__Work order__
Transcribe each line of the material as it is, and drop any picture.

__Stored data__
● ● ●
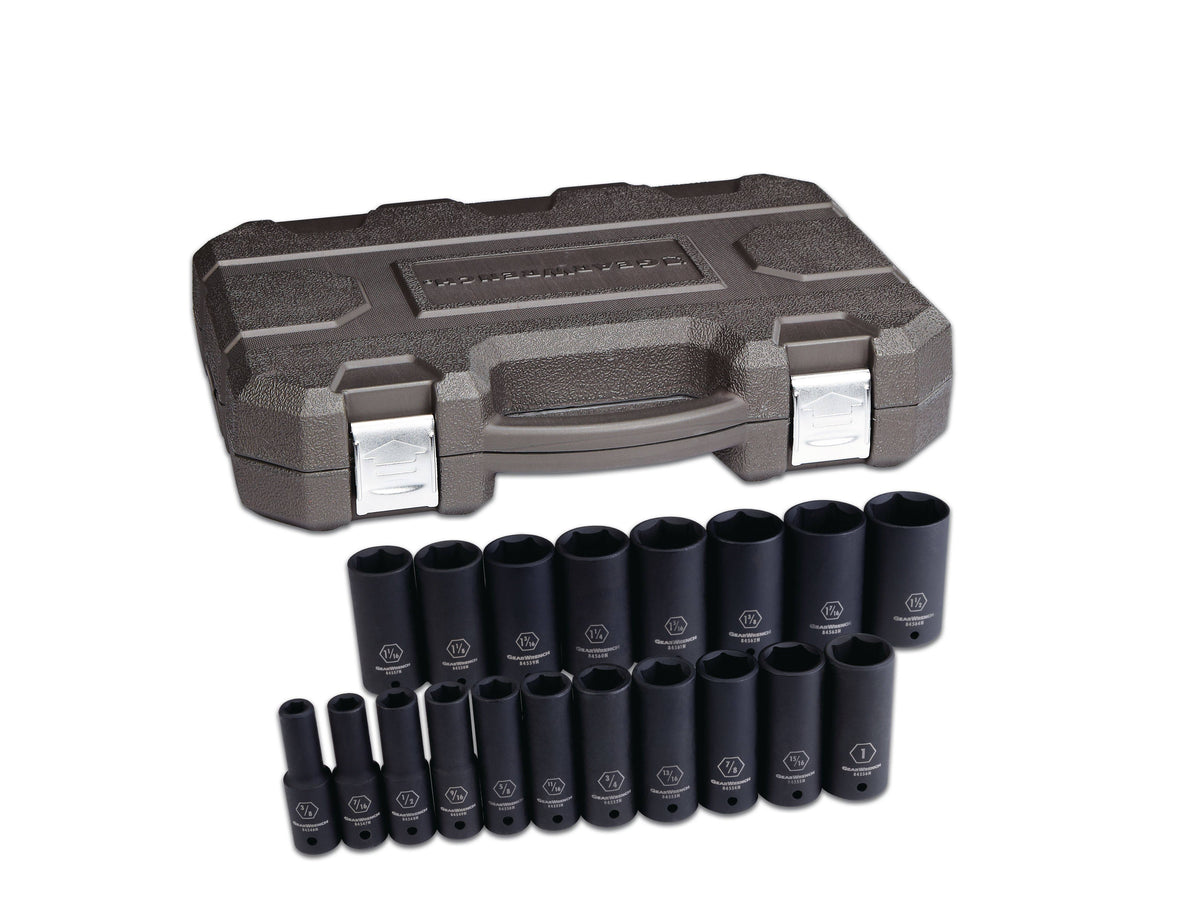 19 pc. 1/2" Drive 6 Point Deep SAE Impact Socket Set I8309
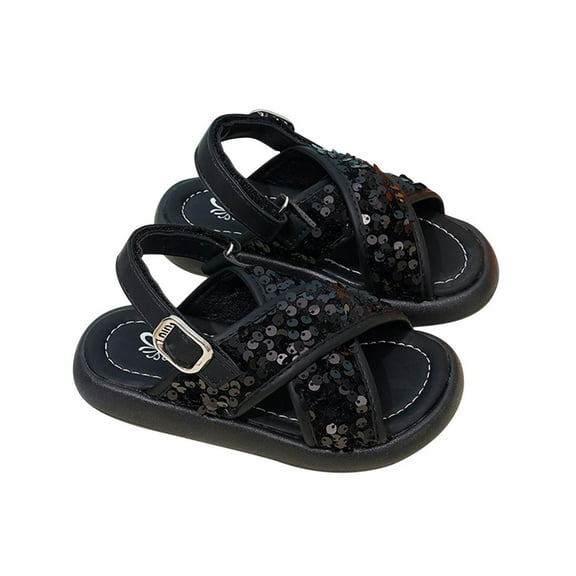 Black Kids' Summer Footwear With Elevated Sole And Sequined Touches, Offering Fashion And Function In Heat For Active Play And Style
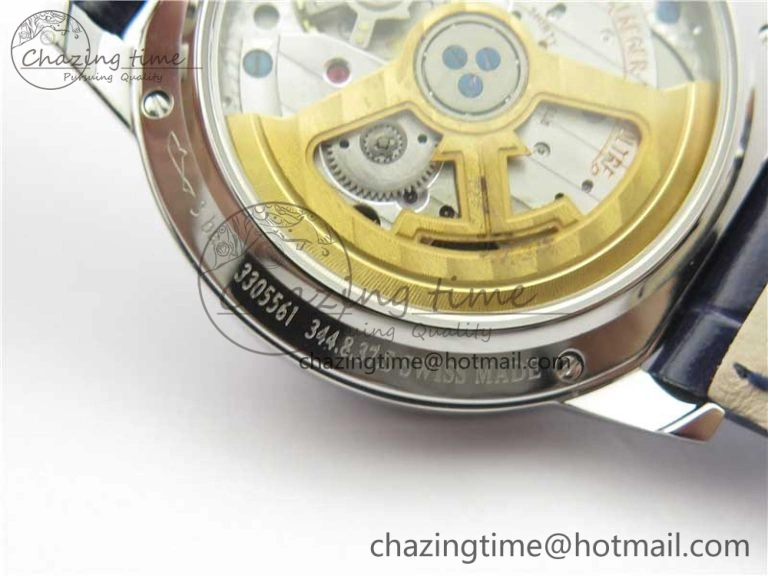 FastDry Rendez-Vous Night & Day SS Polished Bezel ZF 1:1 Best Edition White Textured Dial on Blue Leather Strap A 7453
● ● ●
__Result for this task__
 19 pc. 1/2" Drive 6 Point Deep SAE Impact Socket Set I8309
 Black Kids' Summer Footwear With Elevated Sole And Sequined Touches, Offering Fashion And Function In Heat For Active Play And Style
 FastDry Rendez-Vous Night & Day SS Polished Bezel ZF 1:1 Best Edition White Textured Dial on Blue Leather Strap A 7453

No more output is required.